__TASK STATEMENT__. From the entries that follow, copy each line in which "Green" appears.

________________________

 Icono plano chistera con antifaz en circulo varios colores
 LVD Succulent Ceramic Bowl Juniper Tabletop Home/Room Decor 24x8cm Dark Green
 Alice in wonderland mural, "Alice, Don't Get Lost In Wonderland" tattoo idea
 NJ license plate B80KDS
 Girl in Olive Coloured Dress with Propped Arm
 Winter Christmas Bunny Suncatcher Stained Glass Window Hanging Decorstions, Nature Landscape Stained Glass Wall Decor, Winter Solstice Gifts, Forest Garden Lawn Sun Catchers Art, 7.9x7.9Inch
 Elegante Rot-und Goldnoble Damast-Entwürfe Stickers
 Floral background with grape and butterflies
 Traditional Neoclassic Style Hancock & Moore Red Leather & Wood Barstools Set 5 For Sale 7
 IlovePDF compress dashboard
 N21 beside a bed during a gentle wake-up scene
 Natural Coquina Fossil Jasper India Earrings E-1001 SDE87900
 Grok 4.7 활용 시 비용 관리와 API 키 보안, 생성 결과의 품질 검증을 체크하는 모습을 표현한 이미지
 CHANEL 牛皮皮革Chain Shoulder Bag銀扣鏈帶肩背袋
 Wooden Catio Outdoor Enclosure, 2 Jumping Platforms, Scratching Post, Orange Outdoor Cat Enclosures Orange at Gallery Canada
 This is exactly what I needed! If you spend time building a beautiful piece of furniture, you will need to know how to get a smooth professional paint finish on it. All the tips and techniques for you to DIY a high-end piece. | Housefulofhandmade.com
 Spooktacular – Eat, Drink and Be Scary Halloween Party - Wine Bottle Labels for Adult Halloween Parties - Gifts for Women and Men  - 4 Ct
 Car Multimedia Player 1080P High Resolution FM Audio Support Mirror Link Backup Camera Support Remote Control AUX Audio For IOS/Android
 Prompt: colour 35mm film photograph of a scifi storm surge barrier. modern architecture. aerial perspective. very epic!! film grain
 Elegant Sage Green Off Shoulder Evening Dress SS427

________________________

__RESULT FOR THIS EXERCISE__.
 LVD Succulent Ceramic Bowl Juniper Tabletop Home/Room Decor 24x8cm Dark Green
 Elegant Sage Green Off Shoulder Evening Dress SS427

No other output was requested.